I dislike postmodernism, I dislike its key figures like Walter Benjamin and his fragments. I attended a theory school based on his work, and as usual, he is a postmodernist garbage dispenser dressed as something abstract and symbolic. Postmodernity is inherently defeatist, and so is Benjamin, and all the assemblage theory, ANT, Deluzian singularity nonsense that spewed before and after his ‘Arcades Project’. Postmodernity emerged in late-imperial, post-industrial Western society. it shifts the move of progression, something that traditionalist Modernity had held as a key narrative. Postmodernity immediately presupposes an infrastructure stable enough to critique itself endlessly, the flagellation of what had even got us this far. It arises when a civilisation turns its critical apparatus inward with nothing external left to contest.

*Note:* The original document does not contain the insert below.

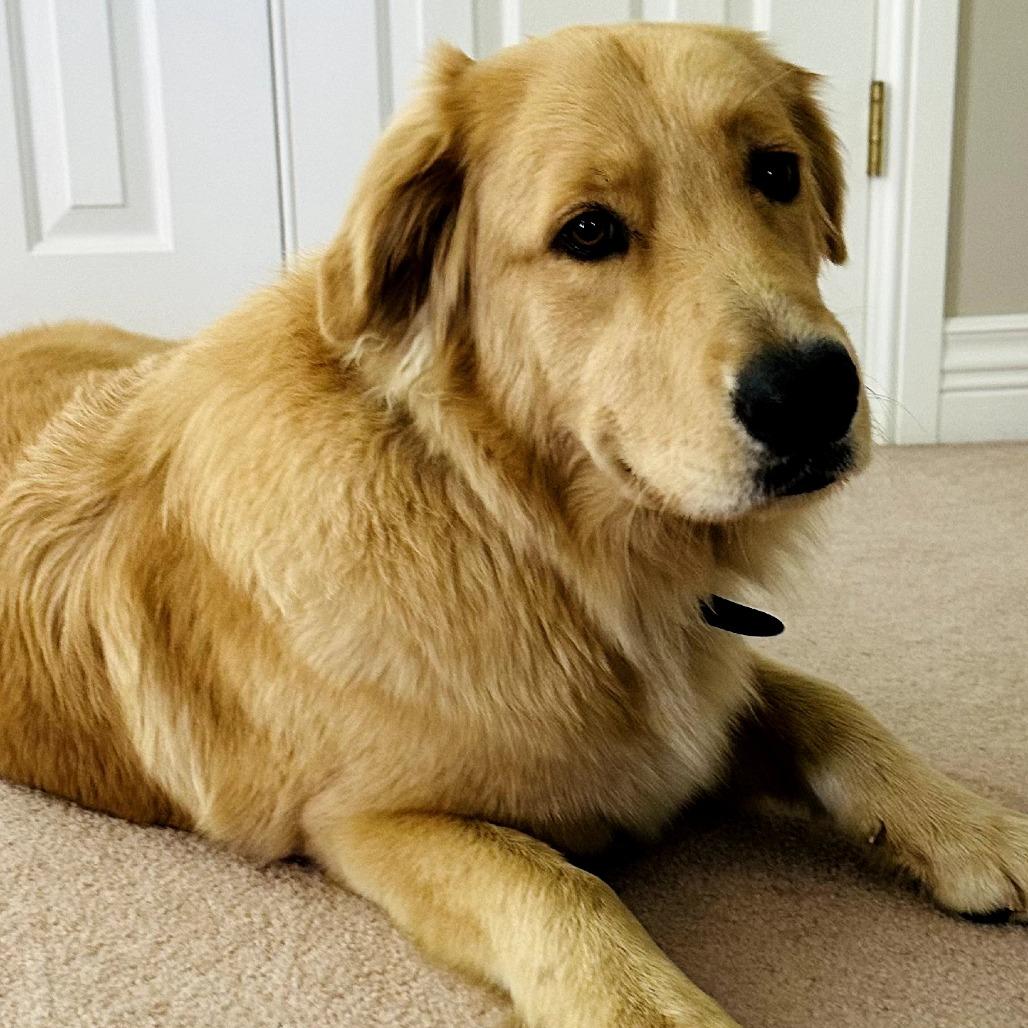 Enlarge Nova, a Adoptable Golden Retriever in Benton City, WA image 1/1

The problems with Postmodernity, like Postmodernity’s function, are endlessly self-critical. Mirroring the chaos of existence, the ontology of something vastly more complex than our primal state is not the same as surviving with it. Exposing the illusions of social constructs, our desperate need for continuity, and stitching time into narratives serves no ascension. It is the acid that burns through everything; it cannot be contained. It is nihilism on steroids, the suicidal seed of society. Humans are metabolically incapable of living without continuity, yet philosophically tempted to dissolve it. Postmodernities’ fatal escalation is that it begins with a valid critique of narratives, and then claims, ‘If a category is constructed, it is optional.’
If X is socially constructed, X is negotiable; this logic leads to some very dark places. Age and language spring to mind as examples here. The problem is that postmodern logic cannot tell you which layer has priority. So, we rely on two things, consensus and institutional power (Which ironically shifts the consensus more than the latter). The cyanide pill here is named anti-narrative, and we should think hard before swallowing it. What postmodernity actually does is erase natural hierarchy (biology, development, constraint) and replace it with opaque human hierarchies (status, power, enforcement). That is not resisting hierarchy, but deforming it. I am a nihilist to a degree; well, I am ontologically indifferent. I do not deeply care how humanity addresses the dissolution of structure. Everyone can applaud their ancestors’ structural societal cohesion dissolving if that is the move we hairless apes think is the right one. I think there are a lot of hidden agendas at play. Postmodernity certainly seems to be a primarily Western disease, but it’s all conjecture and conspiracy theory there. We are all just a sea of pebbles criticising each other before the tide rolls in anyway. I get the anarchistic idea behind it, though, in a deeper philosophical sense, it is mirroring the chaotic foundations of existence. However, humans cope via the Cartesian demon of continuity, so we are making a cyanide pill for food in trying to emulate the body to which we are less than atoms. Meaning may exist at scales, strata, or regimes that do not consult us; our fiction is the biological load bearer.